*** Opening of Available records ***

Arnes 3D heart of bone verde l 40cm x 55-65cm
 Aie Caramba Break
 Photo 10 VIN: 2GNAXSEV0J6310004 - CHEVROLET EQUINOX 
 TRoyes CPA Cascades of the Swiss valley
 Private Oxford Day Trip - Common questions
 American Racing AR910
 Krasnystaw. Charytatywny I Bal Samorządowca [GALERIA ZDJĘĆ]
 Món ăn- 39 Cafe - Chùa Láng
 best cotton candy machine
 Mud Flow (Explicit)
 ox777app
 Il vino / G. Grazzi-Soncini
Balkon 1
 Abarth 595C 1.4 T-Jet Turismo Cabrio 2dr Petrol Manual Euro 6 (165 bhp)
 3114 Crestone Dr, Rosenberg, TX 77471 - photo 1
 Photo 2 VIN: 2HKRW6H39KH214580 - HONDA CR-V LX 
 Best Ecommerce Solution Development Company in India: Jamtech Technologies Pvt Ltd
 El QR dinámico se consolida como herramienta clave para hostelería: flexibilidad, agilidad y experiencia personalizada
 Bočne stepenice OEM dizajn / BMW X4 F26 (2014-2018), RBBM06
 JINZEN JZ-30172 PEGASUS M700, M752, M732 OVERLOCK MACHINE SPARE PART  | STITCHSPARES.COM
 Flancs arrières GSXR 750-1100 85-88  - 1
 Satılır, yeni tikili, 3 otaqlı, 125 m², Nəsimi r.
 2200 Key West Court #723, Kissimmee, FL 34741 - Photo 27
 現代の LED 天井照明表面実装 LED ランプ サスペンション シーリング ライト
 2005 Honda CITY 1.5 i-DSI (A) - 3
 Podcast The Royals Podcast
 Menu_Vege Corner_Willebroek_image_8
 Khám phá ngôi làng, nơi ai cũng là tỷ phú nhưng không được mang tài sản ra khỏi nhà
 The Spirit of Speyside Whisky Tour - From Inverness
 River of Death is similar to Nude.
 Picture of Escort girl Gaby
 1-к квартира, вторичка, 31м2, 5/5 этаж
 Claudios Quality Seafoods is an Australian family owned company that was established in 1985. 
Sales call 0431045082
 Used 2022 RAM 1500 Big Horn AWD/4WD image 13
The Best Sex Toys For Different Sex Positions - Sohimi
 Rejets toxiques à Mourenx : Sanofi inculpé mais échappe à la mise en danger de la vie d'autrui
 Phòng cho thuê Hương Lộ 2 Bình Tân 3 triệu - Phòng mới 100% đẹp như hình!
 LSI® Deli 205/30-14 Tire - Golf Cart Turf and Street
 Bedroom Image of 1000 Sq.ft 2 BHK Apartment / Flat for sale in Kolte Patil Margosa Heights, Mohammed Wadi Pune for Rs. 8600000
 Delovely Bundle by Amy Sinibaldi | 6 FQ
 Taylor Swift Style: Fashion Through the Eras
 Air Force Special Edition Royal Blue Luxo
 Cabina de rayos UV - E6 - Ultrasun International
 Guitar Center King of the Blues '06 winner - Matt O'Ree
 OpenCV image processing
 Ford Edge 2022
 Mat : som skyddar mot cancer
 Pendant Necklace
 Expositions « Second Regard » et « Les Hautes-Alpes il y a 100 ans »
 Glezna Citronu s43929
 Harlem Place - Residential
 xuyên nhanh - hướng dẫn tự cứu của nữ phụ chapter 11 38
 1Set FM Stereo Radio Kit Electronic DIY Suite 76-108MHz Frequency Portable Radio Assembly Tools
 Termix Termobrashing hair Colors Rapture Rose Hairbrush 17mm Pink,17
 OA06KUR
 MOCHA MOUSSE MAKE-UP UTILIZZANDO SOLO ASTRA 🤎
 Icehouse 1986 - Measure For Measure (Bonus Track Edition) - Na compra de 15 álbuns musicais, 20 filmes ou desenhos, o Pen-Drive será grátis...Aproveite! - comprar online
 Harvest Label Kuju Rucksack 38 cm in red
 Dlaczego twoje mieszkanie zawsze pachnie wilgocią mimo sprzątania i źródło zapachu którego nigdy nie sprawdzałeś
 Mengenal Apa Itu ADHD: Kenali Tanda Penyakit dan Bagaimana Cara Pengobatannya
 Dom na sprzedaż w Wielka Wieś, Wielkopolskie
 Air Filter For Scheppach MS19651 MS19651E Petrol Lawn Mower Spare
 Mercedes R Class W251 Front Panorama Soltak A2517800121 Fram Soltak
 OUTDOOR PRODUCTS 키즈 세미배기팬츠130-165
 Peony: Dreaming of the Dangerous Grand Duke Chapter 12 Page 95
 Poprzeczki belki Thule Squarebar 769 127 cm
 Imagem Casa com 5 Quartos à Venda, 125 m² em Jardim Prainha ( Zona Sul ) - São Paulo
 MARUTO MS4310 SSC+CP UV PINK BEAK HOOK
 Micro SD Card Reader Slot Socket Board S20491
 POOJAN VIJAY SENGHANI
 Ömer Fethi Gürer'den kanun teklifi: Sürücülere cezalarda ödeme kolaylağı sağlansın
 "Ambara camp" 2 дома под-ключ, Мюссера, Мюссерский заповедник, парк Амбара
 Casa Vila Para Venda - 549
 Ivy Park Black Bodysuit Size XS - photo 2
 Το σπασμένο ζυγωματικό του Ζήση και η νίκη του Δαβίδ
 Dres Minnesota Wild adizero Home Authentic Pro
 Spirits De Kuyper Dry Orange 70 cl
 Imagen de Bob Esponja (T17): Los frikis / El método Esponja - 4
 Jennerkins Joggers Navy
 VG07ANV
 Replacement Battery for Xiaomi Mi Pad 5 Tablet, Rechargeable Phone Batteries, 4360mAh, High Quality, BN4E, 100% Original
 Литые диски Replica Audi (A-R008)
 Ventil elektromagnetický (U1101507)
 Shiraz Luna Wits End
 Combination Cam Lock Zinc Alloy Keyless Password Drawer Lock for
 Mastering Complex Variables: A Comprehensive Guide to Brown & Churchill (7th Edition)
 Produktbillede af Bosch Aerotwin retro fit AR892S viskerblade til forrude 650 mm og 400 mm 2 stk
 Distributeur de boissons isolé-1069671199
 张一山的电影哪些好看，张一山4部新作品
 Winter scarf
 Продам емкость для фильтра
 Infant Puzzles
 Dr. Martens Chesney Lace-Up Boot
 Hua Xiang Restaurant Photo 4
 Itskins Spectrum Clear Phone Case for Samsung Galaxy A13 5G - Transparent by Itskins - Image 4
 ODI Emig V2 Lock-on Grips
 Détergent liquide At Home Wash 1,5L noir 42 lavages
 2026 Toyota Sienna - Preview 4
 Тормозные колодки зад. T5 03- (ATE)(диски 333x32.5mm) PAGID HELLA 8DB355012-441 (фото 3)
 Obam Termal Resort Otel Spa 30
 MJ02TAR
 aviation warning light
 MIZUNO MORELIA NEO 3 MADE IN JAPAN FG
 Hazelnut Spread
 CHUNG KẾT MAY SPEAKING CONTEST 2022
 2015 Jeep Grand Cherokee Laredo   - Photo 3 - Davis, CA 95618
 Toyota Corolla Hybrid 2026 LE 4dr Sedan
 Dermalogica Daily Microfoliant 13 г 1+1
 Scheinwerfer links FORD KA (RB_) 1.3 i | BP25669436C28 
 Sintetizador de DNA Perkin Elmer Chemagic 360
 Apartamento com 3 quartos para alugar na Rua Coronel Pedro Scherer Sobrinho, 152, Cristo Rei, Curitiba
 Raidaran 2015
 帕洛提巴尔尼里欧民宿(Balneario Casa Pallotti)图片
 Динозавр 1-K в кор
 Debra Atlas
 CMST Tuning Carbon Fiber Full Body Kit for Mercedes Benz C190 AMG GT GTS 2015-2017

*** Close of Available records ***

- **Exercise directions**
Could you give again exactly the lines from the line containing "CHUNG KẾT MAY SPEAKING CONTEST 2022" through the final line of the data above, and no others?

- **Answer for the task**
 CHUNG KẾT MAY SPEAKING CONTEST 2022
 2015 Jeep Grand Cherokee Laredo   - Photo 3 - Davis, CA 95618
 Toyota Corolla Hybrid 2026 LE 4dr Sedan
 Dermalogica Daily Microfoliant 13 г 1+1
 Scheinwerfer links FORD KA (RB_) 1.3 i | BP25669436C28 
 Sintetizador de DNA Perkin Elmer Chemagic 360
 Apartamento com 3 quartos para alugar na Rua Coronel Pedro Scherer Sobrinho, 152, Cristo Rei, Curitiba
 Raidaran 2015
 帕洛提巴尔尼里欧民宿(Balneario Casa Pallotti)图片
 Динозавр 1-K в кор
 Debra Atlas
 CMST Tuning Carbon Fiber Full Body Kit for Mercedes Benz C190 AMG GT GTS 2015-2017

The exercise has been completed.